I have a sneaking suspicion that n=7 is the only number where we have this property, but I'm not sure..

 

[arildno]

Just for the record, we have:
1/7=0.142857..
2/7=0.285714..
3/7=0.428571..
4/7=0.571428..
5/7=0.714285..
6/7=0.857142..

 

[Gokul43201]

Well that's how I interpreted "in a cyclical manner" (since I happen to know about this curious property of the n/7-fractions)

However, it seems you have a lot more general knowledge than me about number theory;
so I'd like to ask you:
What conditions must be present in order for the fractions m/n (1<=m<n) represent a "cyclic" permutation of the same block of digits?

I have a sneaking suspicion that n=7 is the only number where we have this property, but I'm not sure..

I have a vanishingly small knowledge of number theory, and even that little bit is self taught...but I shall see where this goes...

It's not hard to show that n/q and m/q can be written with repeating blocks (of size k) of the same numbers if there exists some r<k satisfying
m*10^r == n (mod q) for all 0<n<m<q. {where a==b (mod c) means a-b is divisible by c}

If your suspicion is right, r's can be found only for q=7.

(I actually wrote the proof down till this point...and then I accidentally hit some button and lost everything...will do it again if required.)

If we restrict q to [1..10], then it's easy to eliminate q=2,3,4,5,6,8,9,10.

For example, take q=3 : 10==1 (mod 3) => 10^r == 1 (mod 3) for all r => m*10^r==m (mod 3).
So if we pick some (m,n) with m<>n, then there will be no r that satisfies the required condition.

Finding all q's in Z for which r's can be found seems harder. It is easy to show that q must be odd. Further, q will need to be prime for n/q to have a decimal representation with repeating blocks.

But for now, this is as far as I will try to go.

 

[Gokul43201]

Also, the above condition can be shown to be satisfied by q=7. There are only 36 pairs of (m,n) to check and clearly the condition for (m,m) is satisfied by r=6, so there's ONLY 30 pairs to go !

So that answers imathgeek's original question. Perhaps his general proof is the way to go. That would be nice to see.

I'm sure there's a nicer way to prove this.

 

[Gokul43201]

I have a sneaking suspicion that n=7 is the only number where we have this property, but I'm not sure..

Uh Oh...check out 17,47.

 

[arildno]

Cool, I'll ponder on this for a while..

 

[imathgeek]

oops.

yeah, you're right.
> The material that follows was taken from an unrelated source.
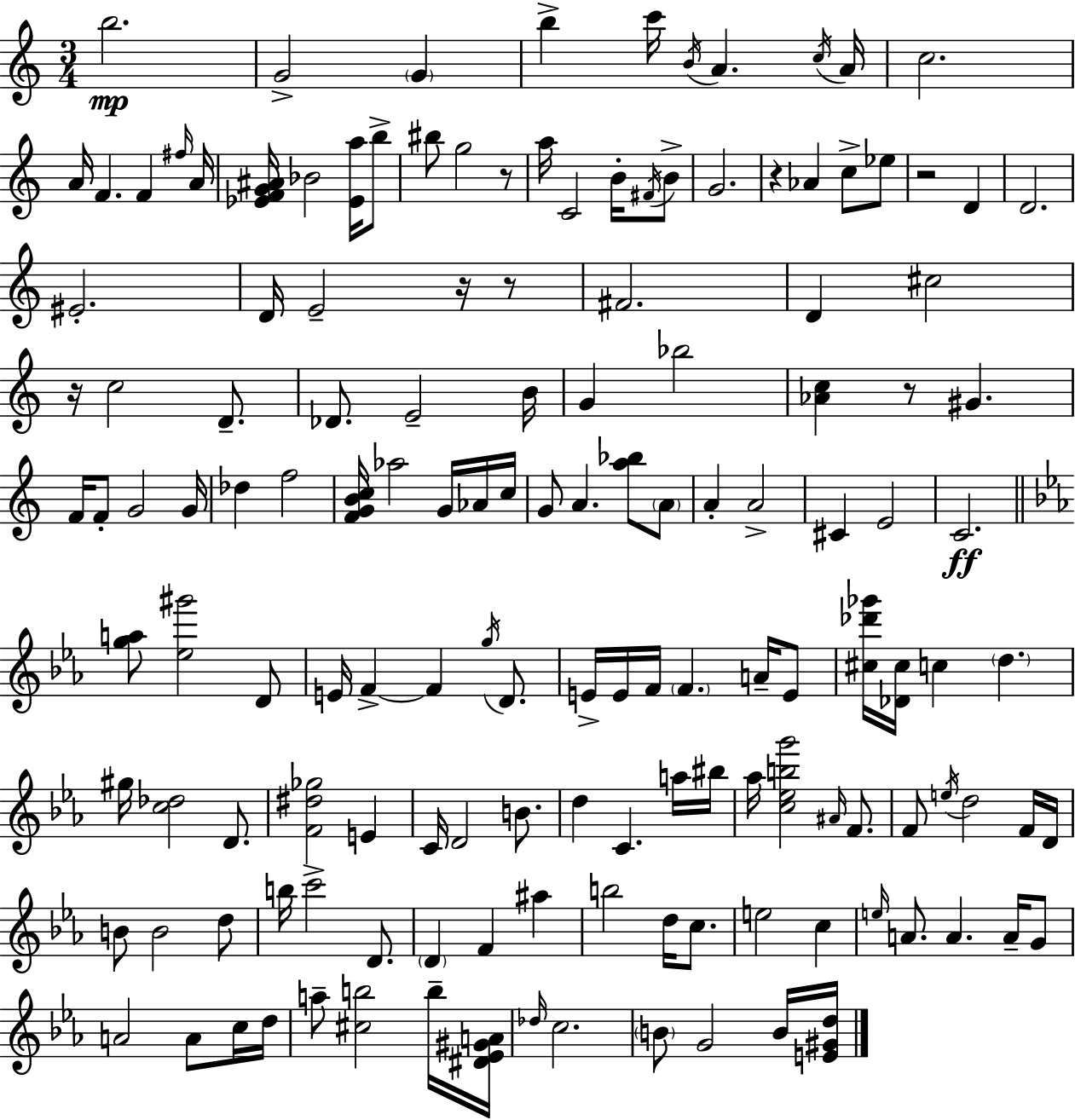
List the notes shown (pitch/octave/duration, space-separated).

I wasn't thinking too well before that first cup of coffee. Now, i am back to the proof.

Pure math is fun, but I still enjoy applied math. :)

Have fun,

Ken

 

[imathgeek]

I have done that. Thanks for the tip, though.

 

[CTS]

I
Finding all q's in Z for which r's can be found seems harder. It is easy to show that q must be odd. Further, q will need to be prime for n/q to have a decimal representation with repeating blocks.

I think you might be interested in this:
http://mathworld.wolfram.com/FullReptendPrime.html
and maybe even
http://mathworld.wolfram.com/CyclicNumber.html

 

[Gokul43201]

"No general method is known for finding full reptend primes. "

Hmmm...a few wasted minutes, but I did enjoy them.